This article has been viewed 20225 times in the last 6 years
Mary: 20th Jun 2008 - 00:24 GMT
I love this shot. What memories it brings to mind. Some good, some bad. Bad was when I had to walk home after dark. The giant factory building enhanced my fear and the darkness. Good were the milk crates and moving rail that we kids in the neighborhood used to hop on and ride down,down,down. What fun. We also climbed the fire escape on the factory that was to the left of the dairy. Good was also when this street was covered with snow. My spirits were lifted as the blanket of white covered the dreariness of the factory wall and the horse manure that covered the street as the dairy horses went up and down Abigail Street with milk deliveries. Good was also Mike the milkman who always had a smile for us kids.
Thom Cartmell: 4th Jul 2008 - 07:06 GMT
I lived at Susquehanna ave and Trenton Ave. 2129 E. Susquehanna ave.
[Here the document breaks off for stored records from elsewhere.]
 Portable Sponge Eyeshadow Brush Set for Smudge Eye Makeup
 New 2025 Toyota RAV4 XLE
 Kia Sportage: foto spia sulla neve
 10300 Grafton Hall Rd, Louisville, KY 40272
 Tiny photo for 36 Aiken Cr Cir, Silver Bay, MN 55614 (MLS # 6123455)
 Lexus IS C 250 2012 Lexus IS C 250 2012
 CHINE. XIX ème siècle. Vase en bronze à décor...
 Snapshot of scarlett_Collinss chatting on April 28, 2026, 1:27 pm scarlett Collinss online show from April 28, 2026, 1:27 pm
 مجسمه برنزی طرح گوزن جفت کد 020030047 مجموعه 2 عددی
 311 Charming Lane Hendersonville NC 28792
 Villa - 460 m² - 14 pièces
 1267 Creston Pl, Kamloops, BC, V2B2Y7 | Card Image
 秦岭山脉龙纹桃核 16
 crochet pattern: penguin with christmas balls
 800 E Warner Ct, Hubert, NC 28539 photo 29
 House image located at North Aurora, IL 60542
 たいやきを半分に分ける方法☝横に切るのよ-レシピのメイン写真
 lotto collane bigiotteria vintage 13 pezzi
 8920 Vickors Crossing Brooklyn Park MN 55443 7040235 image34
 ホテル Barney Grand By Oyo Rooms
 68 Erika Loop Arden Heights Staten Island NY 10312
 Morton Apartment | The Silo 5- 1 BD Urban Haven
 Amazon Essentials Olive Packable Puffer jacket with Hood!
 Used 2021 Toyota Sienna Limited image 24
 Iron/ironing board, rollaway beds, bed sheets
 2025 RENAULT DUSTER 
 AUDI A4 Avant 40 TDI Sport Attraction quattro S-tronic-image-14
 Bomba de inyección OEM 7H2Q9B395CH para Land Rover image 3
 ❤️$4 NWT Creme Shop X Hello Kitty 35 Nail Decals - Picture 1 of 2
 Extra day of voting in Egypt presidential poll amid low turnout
I grew up there in the 40's and 50's I remember Mike. Damn I remember the Horse Drawn Milk Wagons and Mike. I think his horses name was Jerry if I am not Mistaken. My mother always knew when I was looking at the Horses. I came home with a Black Screen Print on my Nose I even loved the Smell of the Stable. there. Now I live in San Pedro Sula, Honduras. Retired from the Military 25 years service. If You know me write me. Thom Cartmell, firstname.lastname@example.org. Went to Hackett School, and Penn Treaty Jr High
Fran Jetcyk: 19th Nov 2008 - 14:04 GMT
I am looking for a picture of the wagon and horse that delivered milk. I forget the horse's name that thrilled me on Columbia Ave. in the early '50's. I fed him or her doughnuts from Marzell's Bakery down the street, and I would love to download or purchase a photo. This was very special to me. I visited the Philadelphia Archives website and could not find anything. If you can direst me to a resource, I would greatly appreciate it.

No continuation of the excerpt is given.